[Source data Boundary: Start]

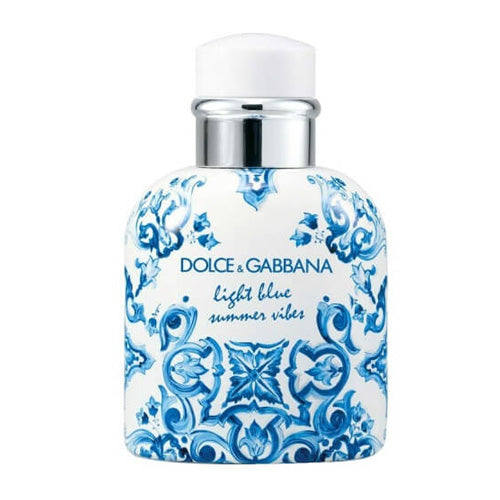 125ml Dolce & Gabbana Light Blue Pour Homme Summer Vibes EDT, vibrant summer-inspired fragrance with Sicilian citrus and aquatic freshness in a sleek clear glass bottle.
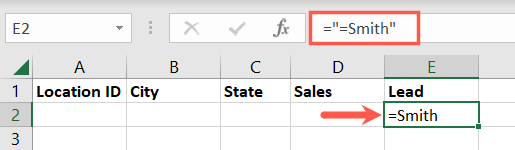 Exemplo de formato de critérios no Excel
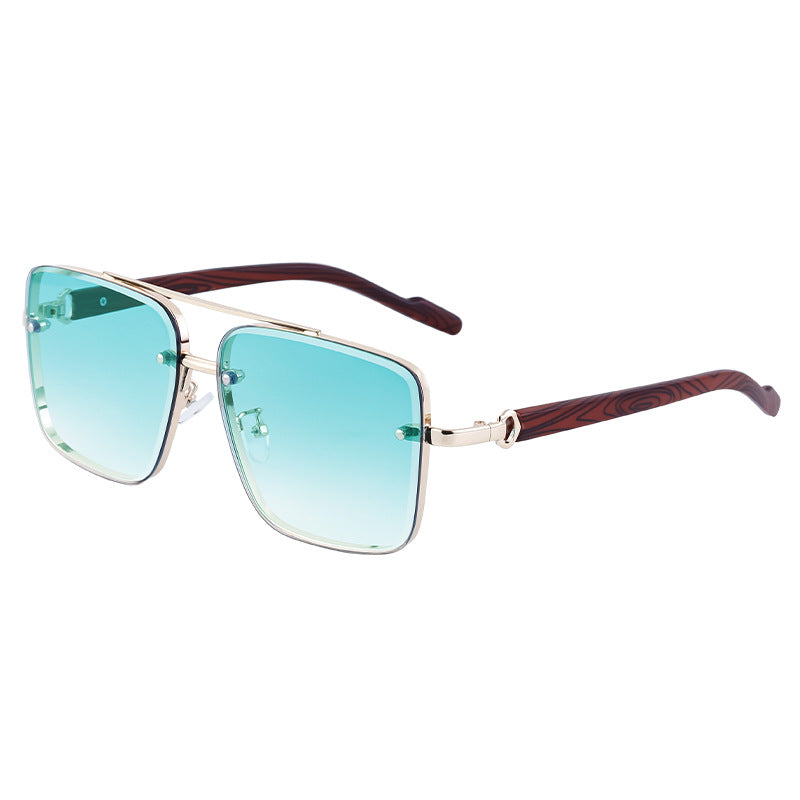 Gafas de sol informales de imitación de madera con borde cuadrado y diseño a la moda para hombre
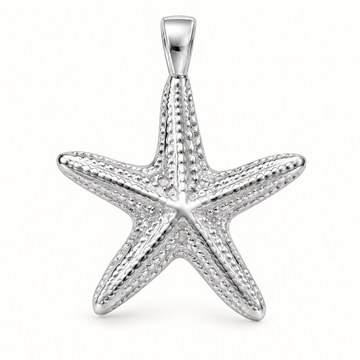 Mini Starfish Sterling Silver Pendant — AI-generated silver design rendering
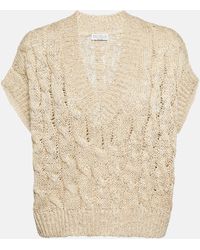 Brunello Cucinelli Cable-knit Embellished Sweater Vest - Natural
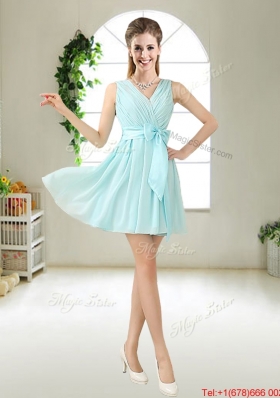 Beautiful A Line Ruched Bridesmaid Dresses in Light Blue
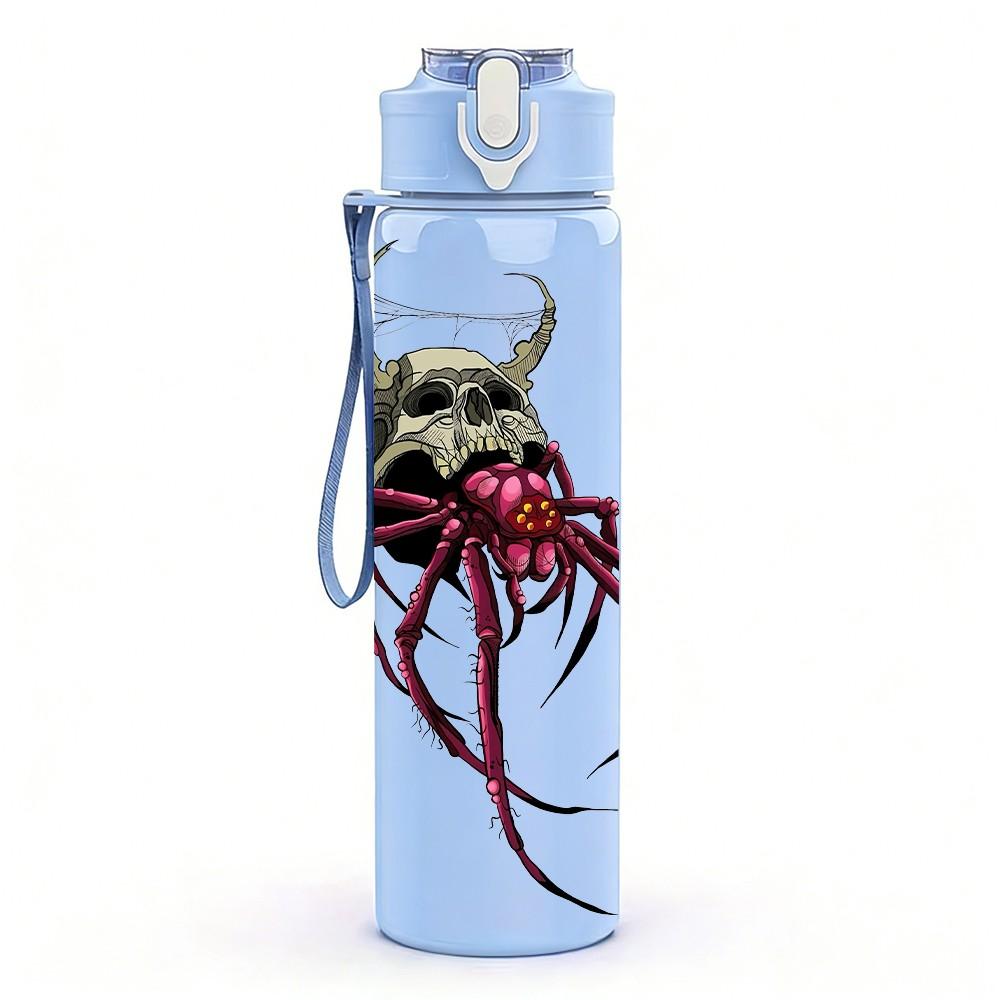 1PC Creepy Long Leg Spider 750ml Color Plastic Sports Water Bottle Leakproof Flip Straw Lid Suitable for Sports Office Home Use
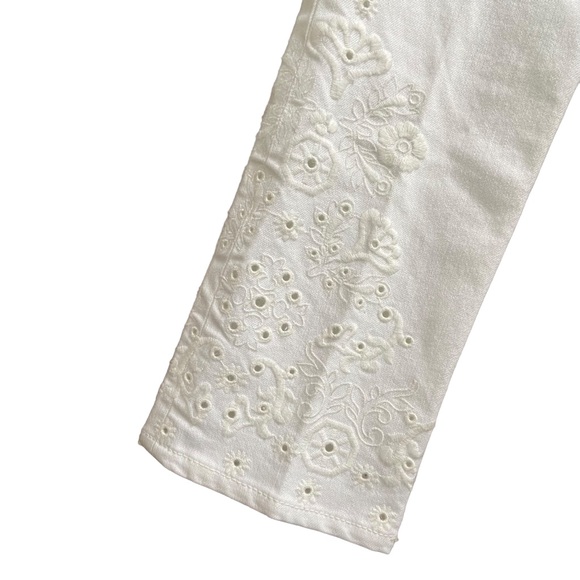 Tory Burch Keira White Eyelet Embroidered Cropped Jeans Size 25 - Picture 7 of 14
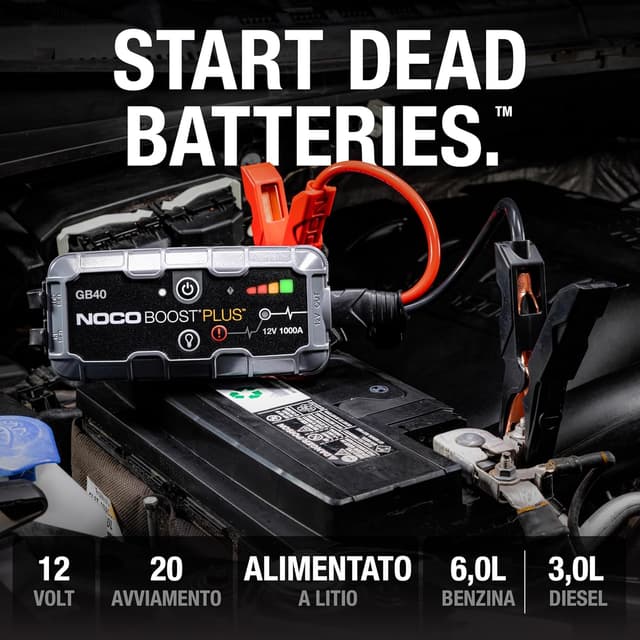 Detalle de NOCO Boost GB40 avviatore di emergenza UltraSafe 1000A (12V) con power bank e torcia LED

[Source data Boundary: End]

Try it :: Nothing but the lines above, starting at the line that contains "Exemplo de formato de critérios no Excel" and ending at the line that contains "Brunello Cucinelli Cable-knit", should be given again, exactly and without the pictures.

Expected answer ::
 Exemplo de formato de critérios no Excel
 Gafas de sol informales de imitación de madera con borde cuadrado y diseño a la moda para hombre
 Mini Starfish Sterling Silver Pendant — AI-generated silver design rendering
 Brunello Cucinelli Cable-knit Embellished Sweater Vest - Natural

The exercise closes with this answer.